The Economist’s Errors and Credit Where Credit is Due

The Economist is serious about their use of data visualization and they have occasionally owned up to errors in their visualizations. They can be deceptive, uninformative, confusing, excessively busy, and present a host of other barriers to clean communication. Their blog post on their errors is great.

I have drawn the following example from a #tidyTuesday earlier this year that explores this. Here is the link to the setup page.

Your Task

Your task comes in two parts. The first one is to recreate any of the second through sixth visualizations: Brexit, Dogs, EU Balance, Pensions, or Trade. You should have a look at the original and note the pathologies, but reproduce a nice visual (either their reconceptualization or something useful). One thing to note is that three axis graphics are almost always bad.

A Template

For example, the first one; the example is bad because it cuts the axis.

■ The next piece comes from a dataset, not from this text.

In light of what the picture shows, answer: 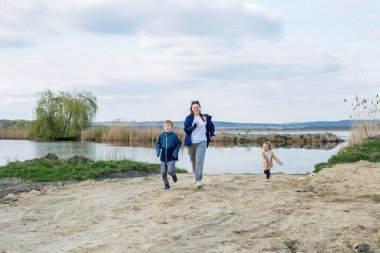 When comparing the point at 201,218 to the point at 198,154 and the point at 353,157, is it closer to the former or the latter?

My Re-creation [in Labour red]

I built the whole thing in equisse with two exceptions. First, reorder here is used to arrange the names in the order that I want to plot them. By default they are alphabetical. Second, I wanted the label geometry which is not an option in esquisse but one treats it like a point with the text as the plotting character. In the aesthetic, it is a label; geom_text does the same thing without a box but it harder to distinguish in this case. If you want to play, the cheat sheet is here.

Code

library(tidyverse) # call the tidyverse for %>% and ggplot
library(ggthemes) # Use the economist theme
library(ggiraph)
corbyn <- readr::read_csv("https://raw.githubusercontent.com/rfordatascience/tidytuesday/master/data/2019/2019-04-16/corbyn.csv")
# reorder will allow me to sort the names by the values.
# Uncomment to see: # with(corbyn, reorder(political_group,avg_facebook_likes))
# geom_label will allow me to put the numbers on the graph by specifying a label.
CFLplot1 <- ggplot(corbyn, aes(x=reorder(political_group,avg_facebook_likes), y=avg_facebook_likes, label=avg_facebook_likes)) + 
  geom_bar(stat="identity", fill="#DC241f") + 
  geom_label(color="#DC241f") +
  labs(x="Associate of the Labour Party", y="Average Facebook Likes") +
  theme_economist() +
  coord_flip()
CFLplot1

Code

library(ggrepel)
library(tidyverse) # call the tidyverse for %>% and ggplot
library(ggthemes) # Use the economist theme
corbyn <- readr::read_csv("https://raw.githubusercontent.com/rfordatascience/tidytuesday/master/data/2019/2019-04-16/corbyn.csv")
# reorder will allow me to sort the names by the values.
# Uncomment to see: # with(corbyn, reorder(political_group,avg_facebook_likes))
# geom_label will allow me to put the numbers on the graph by specifying a label.
CFLplot2 <- ggplot(corbyn, aes(x=reorder(political_group,avg_facebook_likes), y=avg_facebook_likes, label=avg_facebook_likes)) + 
  geom_segment(aes(yend=0, xend=political_group), size=4, color="#DC241f") + 
  geom_label_repel(color="#DC241f", size=4) +
  labs(x="Associate of the Labour Party", y="Average Facebook Likes") +
  theme_economist() +
  coord_flip()
CFLplot2

Code

p1.Int <- ggplot(corbyn, aes(x=reorder(political_group,avg_facebook_likes), data_id=political_group, y=avg_facebook_likes, label=avg_facebook_likes, tooltip = paste0(political_group,"<br>",avg_facebook_likes, sep=""))) + 
  geom_bar_interactive(stat="identity", fill="#DC241f") + 
  geom_label(fill="#DC241f", color="#FFFFFF", size=3.5) +
  labs(x="Associate of the Labour Party", y="Average Facebook Likes") +
  hrbrthemes::theme_ipsum_rc() +
  coord_flip()
p2.Int <- ggplot(corbyn, aes(x=reorder(political_group,avg_facebook_likes), y=avg_facebook_likes, label=avg_facebook_likes, data_id=political_group, tooltip = paste0(political_group,"<br>",avg_facebook_likes, sep=""))) + 
  geom_segment_interactive(aes(yend=0, xend=political_group), size=2, color="#DC241f") + 
  geom_point(size=10, color="#DC241f", alpha=0.8) +
  geom_text(color="#FFFFFF", size=3.5, fontface=2) +
  labs(x="Associate of the Labour Party", y="Average Facebook Likes") +
  hrbrthemes::theme_ipsum_rc() +
  coord_flip()
library(patchwork)
GIp1 <- p1.Int / p2.Int
girafe(ggobj=GIp1)

Your Turn

In the next code chunk, you will need to cut and paste the code for grabbing your particular choice of data.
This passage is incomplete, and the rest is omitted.